Unfortunately, by the end of the book the man loses his faith and fails to hold on to the fire. This is beautifully but tragically pictured when, in a moment in which the man needed to exhibit courage and strength, he drops and loses forever his lighter – a prop that is important in the early pages of the book. He physically loses the fire as he figuratively loses the fire. The boy, however, persists in carrying the fire even after his father is no longer willing to bear its burden. 

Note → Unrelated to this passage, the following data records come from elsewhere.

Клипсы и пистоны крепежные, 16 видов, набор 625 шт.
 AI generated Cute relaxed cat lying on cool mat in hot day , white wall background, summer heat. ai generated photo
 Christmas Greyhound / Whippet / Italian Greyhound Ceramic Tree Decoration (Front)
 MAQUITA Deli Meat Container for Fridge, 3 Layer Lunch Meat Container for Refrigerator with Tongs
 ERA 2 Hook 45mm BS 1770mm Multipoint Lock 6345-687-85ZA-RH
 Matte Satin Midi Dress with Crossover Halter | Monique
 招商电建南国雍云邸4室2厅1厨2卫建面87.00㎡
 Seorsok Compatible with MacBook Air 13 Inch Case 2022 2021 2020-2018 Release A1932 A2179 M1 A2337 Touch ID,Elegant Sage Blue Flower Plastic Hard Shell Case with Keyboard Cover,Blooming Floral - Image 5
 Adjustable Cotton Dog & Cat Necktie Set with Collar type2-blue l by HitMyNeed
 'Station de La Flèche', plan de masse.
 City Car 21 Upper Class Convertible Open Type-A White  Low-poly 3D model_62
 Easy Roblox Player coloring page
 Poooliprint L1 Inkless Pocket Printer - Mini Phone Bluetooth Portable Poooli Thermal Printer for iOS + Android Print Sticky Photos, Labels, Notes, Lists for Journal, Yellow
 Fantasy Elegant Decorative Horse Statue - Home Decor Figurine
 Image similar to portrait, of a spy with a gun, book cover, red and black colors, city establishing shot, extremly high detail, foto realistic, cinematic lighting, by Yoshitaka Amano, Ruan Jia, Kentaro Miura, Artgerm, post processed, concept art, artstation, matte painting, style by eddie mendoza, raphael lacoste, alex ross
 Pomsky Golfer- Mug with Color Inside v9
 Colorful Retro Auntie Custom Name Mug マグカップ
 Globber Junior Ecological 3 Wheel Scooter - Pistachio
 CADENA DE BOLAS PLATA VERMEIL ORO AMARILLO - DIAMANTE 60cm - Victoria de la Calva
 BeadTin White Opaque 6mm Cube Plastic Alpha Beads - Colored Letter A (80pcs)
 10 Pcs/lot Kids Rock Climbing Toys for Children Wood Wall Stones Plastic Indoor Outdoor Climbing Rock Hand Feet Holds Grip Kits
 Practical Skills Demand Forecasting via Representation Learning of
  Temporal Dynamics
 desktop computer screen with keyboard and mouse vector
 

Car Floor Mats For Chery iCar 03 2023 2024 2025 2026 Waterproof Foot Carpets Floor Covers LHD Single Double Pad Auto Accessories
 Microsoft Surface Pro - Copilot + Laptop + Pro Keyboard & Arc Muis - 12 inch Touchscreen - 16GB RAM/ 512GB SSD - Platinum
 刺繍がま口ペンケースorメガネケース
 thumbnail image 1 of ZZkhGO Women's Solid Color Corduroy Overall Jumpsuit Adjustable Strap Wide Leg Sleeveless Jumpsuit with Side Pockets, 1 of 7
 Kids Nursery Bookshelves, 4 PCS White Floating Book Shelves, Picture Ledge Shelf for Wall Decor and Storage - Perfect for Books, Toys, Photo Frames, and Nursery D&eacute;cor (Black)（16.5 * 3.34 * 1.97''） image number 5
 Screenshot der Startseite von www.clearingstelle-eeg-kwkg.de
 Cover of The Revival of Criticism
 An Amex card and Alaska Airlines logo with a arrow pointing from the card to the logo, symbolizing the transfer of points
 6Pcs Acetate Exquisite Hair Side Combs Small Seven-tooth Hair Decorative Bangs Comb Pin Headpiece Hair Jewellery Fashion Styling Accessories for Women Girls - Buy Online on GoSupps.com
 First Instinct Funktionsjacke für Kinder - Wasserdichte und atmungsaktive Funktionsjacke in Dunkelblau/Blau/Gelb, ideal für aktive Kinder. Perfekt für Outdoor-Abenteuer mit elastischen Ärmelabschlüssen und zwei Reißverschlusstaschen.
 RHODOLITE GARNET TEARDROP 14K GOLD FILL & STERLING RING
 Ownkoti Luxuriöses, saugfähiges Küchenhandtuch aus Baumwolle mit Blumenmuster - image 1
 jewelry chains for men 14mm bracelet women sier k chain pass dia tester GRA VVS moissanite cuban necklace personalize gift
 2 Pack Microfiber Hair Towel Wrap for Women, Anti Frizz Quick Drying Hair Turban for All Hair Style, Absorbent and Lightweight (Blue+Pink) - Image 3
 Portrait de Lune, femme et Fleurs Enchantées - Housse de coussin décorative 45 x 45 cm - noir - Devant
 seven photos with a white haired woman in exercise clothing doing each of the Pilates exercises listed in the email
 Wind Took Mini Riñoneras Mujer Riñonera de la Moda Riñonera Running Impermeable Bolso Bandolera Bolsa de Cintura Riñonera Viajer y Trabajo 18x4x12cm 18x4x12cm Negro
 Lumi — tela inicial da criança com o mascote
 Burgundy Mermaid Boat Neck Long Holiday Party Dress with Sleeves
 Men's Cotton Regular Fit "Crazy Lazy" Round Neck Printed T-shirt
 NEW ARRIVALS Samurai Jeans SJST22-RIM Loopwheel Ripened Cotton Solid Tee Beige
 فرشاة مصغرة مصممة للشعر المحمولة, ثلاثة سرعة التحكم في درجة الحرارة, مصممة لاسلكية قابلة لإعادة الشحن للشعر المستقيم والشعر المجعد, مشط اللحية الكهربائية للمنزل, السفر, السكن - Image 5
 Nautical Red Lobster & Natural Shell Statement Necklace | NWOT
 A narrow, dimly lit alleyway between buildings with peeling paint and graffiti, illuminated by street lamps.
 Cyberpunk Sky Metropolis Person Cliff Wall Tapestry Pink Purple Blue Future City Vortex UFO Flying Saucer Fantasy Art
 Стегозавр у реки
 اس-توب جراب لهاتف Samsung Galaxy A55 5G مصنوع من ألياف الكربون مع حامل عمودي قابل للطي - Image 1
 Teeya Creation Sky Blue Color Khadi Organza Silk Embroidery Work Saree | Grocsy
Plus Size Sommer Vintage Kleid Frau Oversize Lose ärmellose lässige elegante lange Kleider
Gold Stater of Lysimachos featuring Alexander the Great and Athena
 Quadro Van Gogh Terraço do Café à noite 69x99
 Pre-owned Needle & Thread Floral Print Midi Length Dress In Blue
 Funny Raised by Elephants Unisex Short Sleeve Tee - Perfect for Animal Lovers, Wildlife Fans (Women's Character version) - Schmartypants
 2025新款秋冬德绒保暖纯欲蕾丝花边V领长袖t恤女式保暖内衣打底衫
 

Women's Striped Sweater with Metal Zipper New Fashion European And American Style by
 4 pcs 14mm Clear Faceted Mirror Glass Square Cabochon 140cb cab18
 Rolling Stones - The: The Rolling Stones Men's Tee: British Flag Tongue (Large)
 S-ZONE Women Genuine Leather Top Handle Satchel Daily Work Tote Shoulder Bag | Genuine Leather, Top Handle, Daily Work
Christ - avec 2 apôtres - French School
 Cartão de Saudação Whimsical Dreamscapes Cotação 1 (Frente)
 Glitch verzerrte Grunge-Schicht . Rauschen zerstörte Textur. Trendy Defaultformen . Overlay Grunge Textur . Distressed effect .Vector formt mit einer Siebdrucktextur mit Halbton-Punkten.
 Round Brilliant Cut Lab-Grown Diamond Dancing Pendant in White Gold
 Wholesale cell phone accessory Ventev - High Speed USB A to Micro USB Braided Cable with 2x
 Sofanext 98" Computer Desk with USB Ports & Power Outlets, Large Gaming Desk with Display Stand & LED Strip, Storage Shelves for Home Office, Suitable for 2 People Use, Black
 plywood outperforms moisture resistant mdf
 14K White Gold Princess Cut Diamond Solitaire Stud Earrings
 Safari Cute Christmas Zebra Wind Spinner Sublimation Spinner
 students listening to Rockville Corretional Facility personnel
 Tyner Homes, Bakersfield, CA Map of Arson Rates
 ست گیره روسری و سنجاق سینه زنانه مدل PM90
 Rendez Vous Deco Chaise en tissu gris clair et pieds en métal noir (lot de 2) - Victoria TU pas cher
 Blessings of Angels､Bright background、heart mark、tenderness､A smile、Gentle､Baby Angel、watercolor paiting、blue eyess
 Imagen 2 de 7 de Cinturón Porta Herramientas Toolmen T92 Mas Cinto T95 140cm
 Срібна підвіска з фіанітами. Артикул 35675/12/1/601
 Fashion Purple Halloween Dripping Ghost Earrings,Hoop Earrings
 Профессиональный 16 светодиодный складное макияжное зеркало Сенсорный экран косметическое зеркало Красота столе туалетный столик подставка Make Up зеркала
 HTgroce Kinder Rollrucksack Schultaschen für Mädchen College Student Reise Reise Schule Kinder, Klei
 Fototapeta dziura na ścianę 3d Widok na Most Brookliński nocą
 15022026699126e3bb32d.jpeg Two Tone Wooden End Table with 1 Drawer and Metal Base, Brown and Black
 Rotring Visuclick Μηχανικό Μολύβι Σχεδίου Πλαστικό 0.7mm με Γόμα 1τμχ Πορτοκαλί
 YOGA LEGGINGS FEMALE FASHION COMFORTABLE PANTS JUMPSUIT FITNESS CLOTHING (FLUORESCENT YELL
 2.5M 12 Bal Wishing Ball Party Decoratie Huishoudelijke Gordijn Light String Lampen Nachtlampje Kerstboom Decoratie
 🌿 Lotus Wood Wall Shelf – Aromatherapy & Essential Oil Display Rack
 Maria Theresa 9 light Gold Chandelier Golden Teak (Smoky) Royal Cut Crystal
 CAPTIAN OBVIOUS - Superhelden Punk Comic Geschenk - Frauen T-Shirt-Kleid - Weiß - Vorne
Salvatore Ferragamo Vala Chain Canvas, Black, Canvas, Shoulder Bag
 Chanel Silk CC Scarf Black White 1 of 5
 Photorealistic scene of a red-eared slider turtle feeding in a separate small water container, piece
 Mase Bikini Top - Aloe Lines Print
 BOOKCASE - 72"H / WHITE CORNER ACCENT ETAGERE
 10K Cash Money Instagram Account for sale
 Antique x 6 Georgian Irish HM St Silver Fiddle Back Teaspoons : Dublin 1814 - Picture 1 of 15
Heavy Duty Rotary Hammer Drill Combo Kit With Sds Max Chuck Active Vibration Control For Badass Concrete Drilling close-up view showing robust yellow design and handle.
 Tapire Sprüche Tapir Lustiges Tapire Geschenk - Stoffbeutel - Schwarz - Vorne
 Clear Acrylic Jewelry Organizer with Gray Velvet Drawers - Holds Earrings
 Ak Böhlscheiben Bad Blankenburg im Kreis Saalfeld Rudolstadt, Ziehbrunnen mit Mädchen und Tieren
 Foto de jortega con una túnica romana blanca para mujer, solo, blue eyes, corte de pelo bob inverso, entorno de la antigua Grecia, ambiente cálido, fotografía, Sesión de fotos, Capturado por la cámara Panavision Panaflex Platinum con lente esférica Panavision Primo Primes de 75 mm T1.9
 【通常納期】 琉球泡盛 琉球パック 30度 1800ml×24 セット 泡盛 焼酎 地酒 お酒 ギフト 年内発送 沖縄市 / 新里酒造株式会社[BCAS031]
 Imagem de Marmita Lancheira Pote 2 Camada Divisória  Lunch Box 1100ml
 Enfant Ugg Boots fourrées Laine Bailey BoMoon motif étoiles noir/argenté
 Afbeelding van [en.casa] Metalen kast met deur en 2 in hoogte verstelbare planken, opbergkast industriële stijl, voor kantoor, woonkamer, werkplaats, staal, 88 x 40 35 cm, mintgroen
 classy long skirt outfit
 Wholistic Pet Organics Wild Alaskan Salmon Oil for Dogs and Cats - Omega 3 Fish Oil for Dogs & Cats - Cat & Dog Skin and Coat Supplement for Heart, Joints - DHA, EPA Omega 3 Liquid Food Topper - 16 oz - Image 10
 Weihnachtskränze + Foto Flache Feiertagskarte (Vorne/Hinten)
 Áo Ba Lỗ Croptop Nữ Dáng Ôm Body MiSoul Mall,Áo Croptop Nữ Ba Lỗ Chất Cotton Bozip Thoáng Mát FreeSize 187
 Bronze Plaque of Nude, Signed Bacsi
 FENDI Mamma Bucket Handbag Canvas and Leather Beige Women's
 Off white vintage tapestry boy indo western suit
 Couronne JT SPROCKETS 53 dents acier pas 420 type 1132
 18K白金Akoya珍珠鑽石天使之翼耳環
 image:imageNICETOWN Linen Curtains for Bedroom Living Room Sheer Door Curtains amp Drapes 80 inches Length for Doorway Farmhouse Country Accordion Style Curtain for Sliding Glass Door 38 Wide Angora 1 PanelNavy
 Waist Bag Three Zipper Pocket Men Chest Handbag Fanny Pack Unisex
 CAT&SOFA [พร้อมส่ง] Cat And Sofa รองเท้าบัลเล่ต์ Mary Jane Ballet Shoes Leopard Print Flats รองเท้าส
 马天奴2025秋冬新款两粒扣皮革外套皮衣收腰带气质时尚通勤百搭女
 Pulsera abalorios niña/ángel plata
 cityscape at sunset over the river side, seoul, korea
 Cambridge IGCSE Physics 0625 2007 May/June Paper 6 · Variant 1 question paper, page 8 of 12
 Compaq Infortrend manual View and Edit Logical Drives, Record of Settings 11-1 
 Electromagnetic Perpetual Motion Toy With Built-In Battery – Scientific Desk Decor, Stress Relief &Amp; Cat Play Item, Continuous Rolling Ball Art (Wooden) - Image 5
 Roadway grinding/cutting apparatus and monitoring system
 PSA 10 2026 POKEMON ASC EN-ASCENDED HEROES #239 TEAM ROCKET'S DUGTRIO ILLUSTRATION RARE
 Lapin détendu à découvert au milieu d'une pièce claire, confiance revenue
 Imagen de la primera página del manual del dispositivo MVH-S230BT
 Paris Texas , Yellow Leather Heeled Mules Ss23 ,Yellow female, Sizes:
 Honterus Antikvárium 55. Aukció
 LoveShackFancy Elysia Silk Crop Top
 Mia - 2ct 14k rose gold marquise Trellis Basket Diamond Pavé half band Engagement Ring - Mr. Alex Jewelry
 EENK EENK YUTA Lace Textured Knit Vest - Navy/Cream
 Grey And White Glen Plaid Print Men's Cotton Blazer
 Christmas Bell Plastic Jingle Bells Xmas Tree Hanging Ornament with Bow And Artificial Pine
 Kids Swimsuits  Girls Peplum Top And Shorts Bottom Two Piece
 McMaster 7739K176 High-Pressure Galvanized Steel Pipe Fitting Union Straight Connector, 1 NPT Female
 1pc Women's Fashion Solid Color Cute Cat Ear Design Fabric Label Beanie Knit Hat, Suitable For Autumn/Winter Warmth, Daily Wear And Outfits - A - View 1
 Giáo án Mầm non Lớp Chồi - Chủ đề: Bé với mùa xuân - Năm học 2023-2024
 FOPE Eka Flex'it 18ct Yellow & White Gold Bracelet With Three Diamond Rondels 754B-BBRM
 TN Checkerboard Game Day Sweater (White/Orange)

I have the seniors read “The Road” because by the end of the book it is clear that the story is as much about us as it is about the man and the boy. “The Road” challenges the students to think about the choices they make every single day. The book helps them to see that they too are on the road as pilgrims, aliens, and strangers. The world they inhabit has not been destroyed by an apocalyptic disaster; the world they live in is actually in worse shape as a result of having been marred by sin. Of course, there is hope because God sent his son to bear the awful weight of sin through death and resurrection. But that is not the end of the story of what God is doing in the world. He has also created for himself a people, a people redeemed from sin and given new life. His people represent restored humanity and are called to be pilgrim ambassadors. “The Road” helps us understand that we are the ones called to carry the fire of Christ and his kingdom in order to show what it means to truly be human. 


[*]All quotes are taken from: McCarthy, Cormac. The Road. New York: Vintage Books, 2006.